Global coal consumption has risen dramatically over the last decade. This is due to the growing energy needs of emerging Asian economies (particularly China and India), which have led to a shift in the center of gravity of coal markets, now dominated by Asia. While it was thought that this energy from another century would disappear from the world's energy balance, the reality is quite different: coal currently accounts for 28% of the world's primary energy needs. This is due to its specific uses in the steel industry, and its excellent competitiveness with other energy sources in thermoelectric power plants, mainly in emerging Asian economies, which base their economic development on domestically available energy, thus ensuring their energy independence. Its fixed combustion costs, which are higher than those of petroleum products or natural gas, are offset by lower, more stable fuel prices on major national (China, USA, India, Russia) or international (Atlantic and Pacific) markets. This is due to :

  • fierce competition between exporters from new producers, thanks to sufficiently low barriers to entry into the industry to avoid a degree of corporate concentration likely to give rise to market power;

  • the regular arrival of newcomers in the coal industry, countries developing exports or imports, companies developing mining estates ;

  • abundant and widely distributed exploitable resources;

  • the coexistence of traditional mining techniques, especially underground, and more capital-intensive techniques, especially open-cast;

  • improved coal transport (railroads, roads and ports).
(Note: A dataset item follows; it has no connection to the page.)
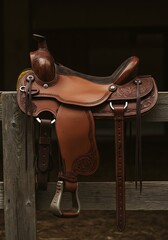 Minimalist close-up of a traditional leather saddle with intricate tooling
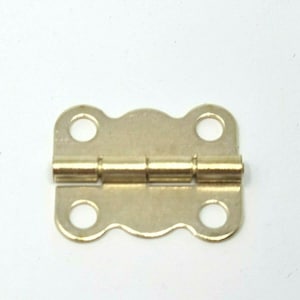 May include: A gold-toned metal hinge with four holes and a decorative scalloped edge.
Coal is a major emitter of greenhouse gases. It could therefore be penalized by a high carbon price, which its users would have to pay in the form of a tax or emission rights, such as the European Union's Emission Trading Scheme. It is this uncertainty that makes forecasting future coal demand so difficult. However, the prospects offered by the development of carbon capture and storage technologies, if deployed on an industrial scale worldwide, would make coal the ideal energy source: clean, abundant, geographically well distributed, easily transportable, transformable (into electricity, hydrogen, liquid fuels, chemical bases).